GeoServer : Process Integration
This page last changed on Mar 15, 2013 by jdeolive.
High level design discussion regarding extended integration of processing into the core of GeoServer.
Processing in GeoServer for the most part is a standalone subsystem exposed through the WPS service. Rendering transformations provided an initial peak at what integrating processing with other services , in this case WMS, looked like. While rendering transformations provide a great way to visualize the result of a process there is a possibility to go even further, integrating processing with other services such as WFS and WCS.
A deeper integration also offers the ability to provide a nicer user interface to expose processing functionality. For example defining a rendering transformation directly from the GeoServer ui rather than having to edit an SLD file manually.
Many types of processing involves working on a "global scale", requiring access to a complete dataset in order to function. This is in contradiction with tiled WMS that breaks up an area into many mall requests. As an example consider heat map generation. Constraining the data input to data intersecting a single tile does not make sense. Another example is routing.
Defining a new process can currently be done only programatically (whether through straight Java or via script). However, once a large base of processes has been established, new processes could be created simply by composing a number of the base ones. That would ease the creation of new processes and would give GeoServer a good platform to respond to the processing needs of most users. With the processing part of GeoServer more integrated, and tools to easily define new processes, base processes would become more useful.
In general the design boils down to adding a new type of resource to the catalog model, namely one that models a process. With that in place existing OGC services such as WMS/WFS, etc... will be updated to handle the new resource type.
The general idea here is to create a new type of ResourceInfo that models a process execution named ProcessInfo. And because the catalog model requires any resource to be part of a store we need a ProcessStoreInfo as well. The following simplified class diagram illustrates where the new classes fit in.

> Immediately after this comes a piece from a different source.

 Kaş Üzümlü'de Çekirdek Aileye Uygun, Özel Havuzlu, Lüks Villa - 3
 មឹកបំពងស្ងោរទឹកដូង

The ResourceInfo interface models a "typical" spatial dataaset. That is some spatial format containing data that is relatively static. The addition of ProcessInfo is interesting because it is a derived artifact. So the first question to answer is what exactly does a ProcessInfo represent. It is really a "process execution" including the data rather than a "process" as defined by GeoTools which is strictly just the algorithm itself. So with that we come up with a ProcessInfo being:
With that loose definition it is useful to examine the attributes of the the ResourceInfo interface and analyze how they apply to the process idea.

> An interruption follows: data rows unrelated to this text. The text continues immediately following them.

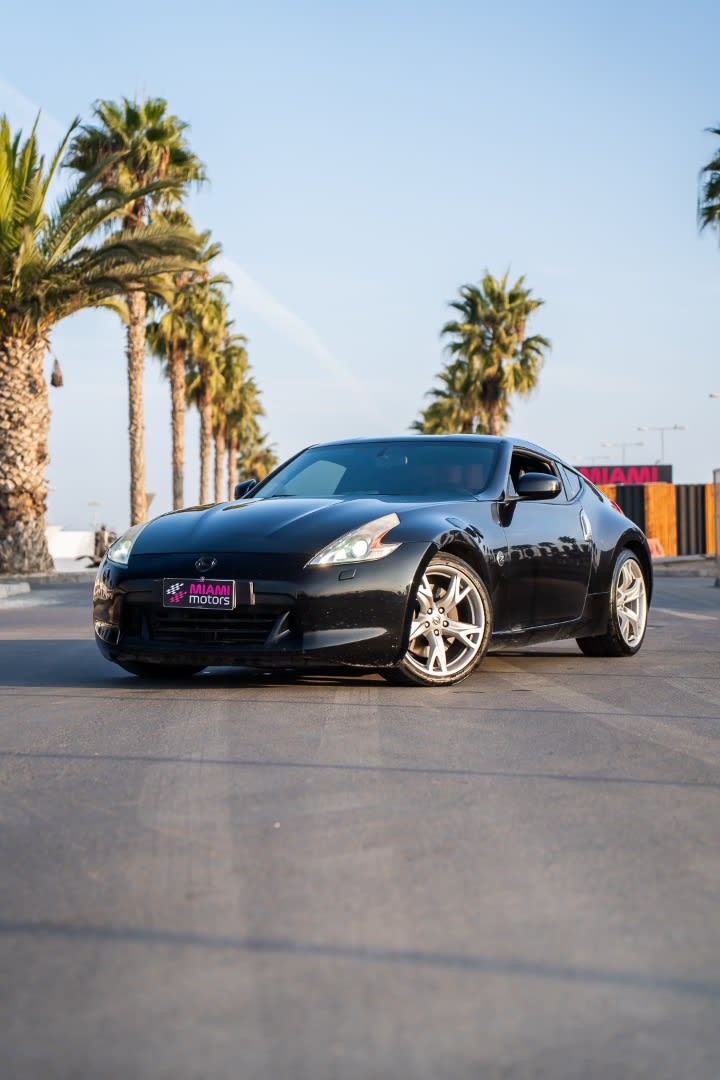 2011 Nissan 370Z Azul primavera metalizado negro - Miniatura 2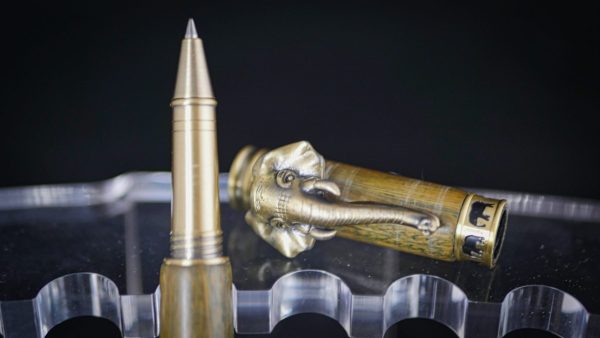 Stylo à bille thème "éléphant" - bois de chêne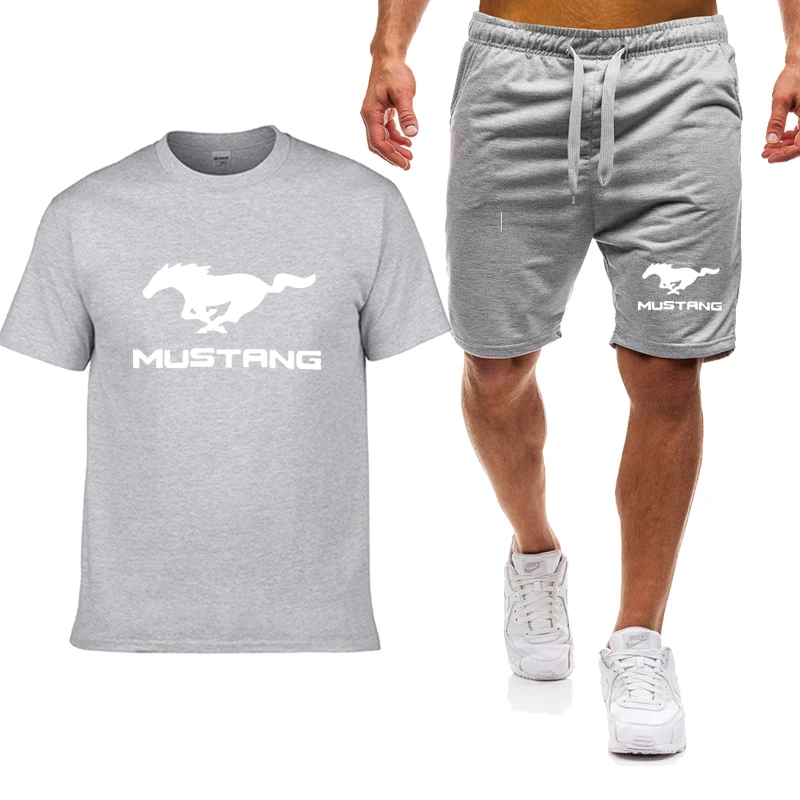 Casual Trend Men's POLO shirt Mustang Car Logo Summer High Quality Round Neck Cotton Men's POLO shirt pants 2 piece suit
Casual Trend Men's POLO shirt Mustang Car Logo Summer High Quality Round Neck Cotton Men's POLO shirt pants 2 piece suit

Much of the interface is about publishing metadata, much of which is specifying by the user when configuring the resource. This includes:
All of which is generally uninteresting and applies to ProcessInfo.
Moving on we reach the "native name". For other types of resources this attribute has referred to the name of the resource as known by the GeoTools object that encapsulates it. If we draw a parallel for process it would refer to the name of the process as known by GeoTools. Which doesn't really make sense since a ProcessInfo includes the input and output data as well. We also don't want to rule out a ProcessInfo being a chain of individual GeoTools processes.
An alternative interpretation would be the native name of the resource that encapsulates the input. This also doesn't seem to fit especially since such a name may not exist depending on the process inputs. For now we table this.
The next set of ResourceInfo attributes deal with the spatial metadata. This includes:
With other resource types this metadata is used to signify the crs/bounding box of the native data (which might be unknown) vs what we want to publish it as. One potential mapping to ProcessInfo could be to have the native crs/bbox correspond to that of the input data, and the declared crs/bbox correspond to the output data.
An alternative is to have both native and declared crs/bbox correspond to the output data, since that is what is published.
Given ou process definition we examine what is needed specially in the ProcessInfo interface. At a minimum we need to:
With that in mind consider the following class diagram that describes the makup of ProcessInfo:
Examining all the collaborators we start with the process property which is of type ExecuteType, defined in the GeoTools WPS object model. This property basically describes the process execution in exactly the same way it is described in a WPS request. The class is composed of basically the name of a process to run, and its inputs.
Second we consider the execMode property. The idea here is to provide different methods for how the process will execute. Here we present three options
These are only a few possibilities, there are many more making the ProcessExec class a good candidate for an extension point.
The second half of the effort is to integrate the new ProcessInfo interface into the existing OGC services. Which isn't exactly a trivial effort. Here we describe a possible approach for all the existing OGC services.
The basic idea is to make the integration as seamless as possible for the WCS, WMS, and WFS services. To do this we make it possible for FeatureTypeInfo and CoverageInfo to reference a ProcessInfo.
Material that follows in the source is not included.